Dynamic shapes¶
Code: symbolic_shapes.py
See also: The dynamic shapes manual
Motivation¶
Deep learning compilers commonly only work for static shapes, that is to say, they produced compiled programs which only work for a single specific configuration of input shapes, and must recompile if any input shape changes. This assumption works great for the majority of commonly run deep learning models today, but there are a few situations where it is insufficient:
Some dimensions, such as batch size or sequence length, may vary. For example, an inference service performing adaptive batching will execute inference requests with varying batch sizes depending on how many requests it received within its batching window. We may also want to consider padding out variable size sequences only to the maximum sequence length within a batch, which may vary from batch-to-batch.
Some models exhibit data-dependent output shapes, that is to say, the size of their outputs and intermediates may depend on the actual input data which may vary across runs.

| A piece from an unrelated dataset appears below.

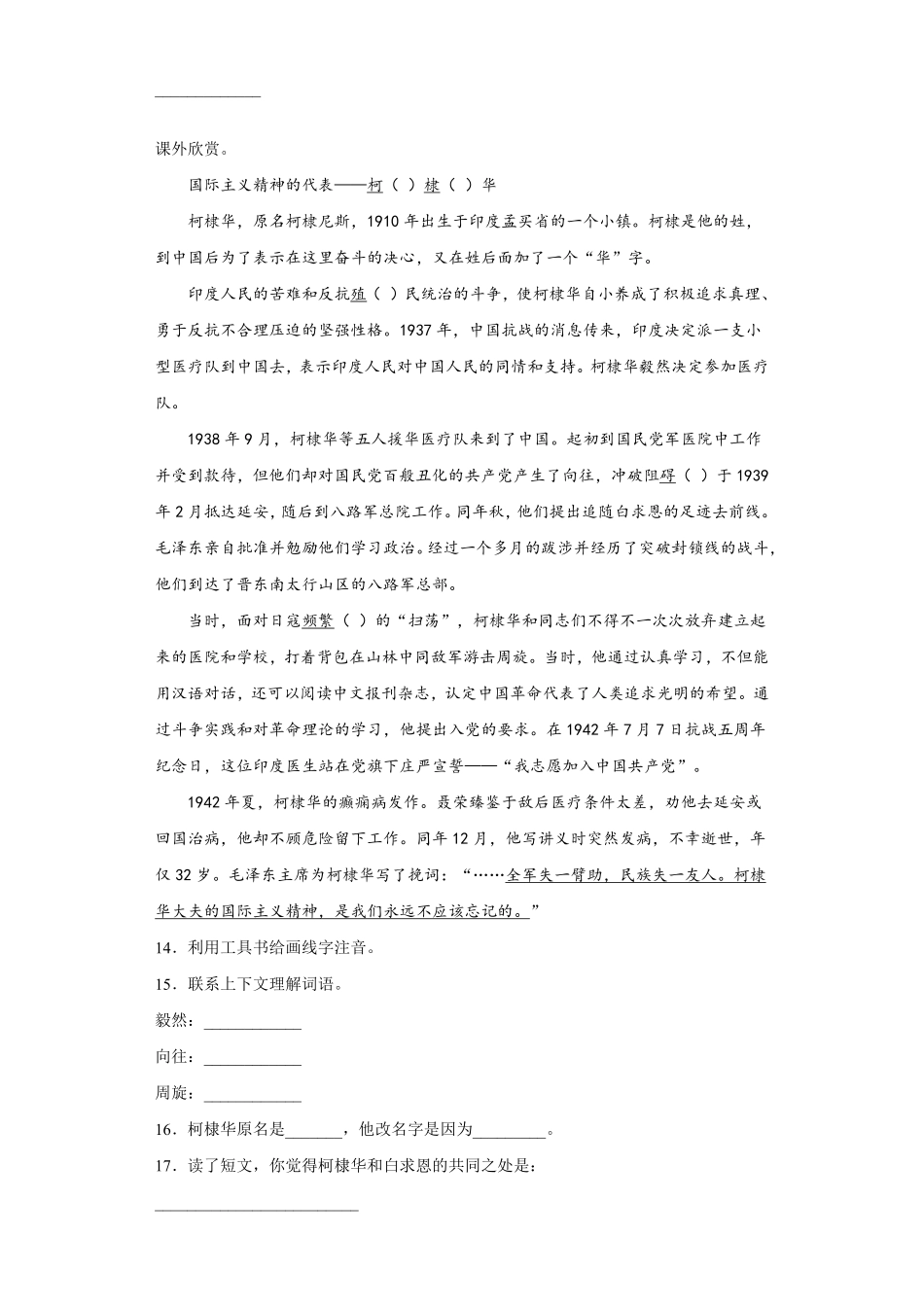 三年级上册语文部编版课时练第27课《手术台就是阵地》01含答案.pdf_第3页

For example, detection models may first generate a variable number of potential bounding boxes before running a more expensive image recognition model to identify if the subject is in a bounding box. The number of bounding boxes is data dependent.
One particularly important case of data-dependent shapes occurs when dealing with sparse representations, such as sparse tensors, jagged tensors, and graph neural networks. In all of these cases, the amount of data to be processed depends on the sparse structure of the problem, which will typically vary in a data-dependent way.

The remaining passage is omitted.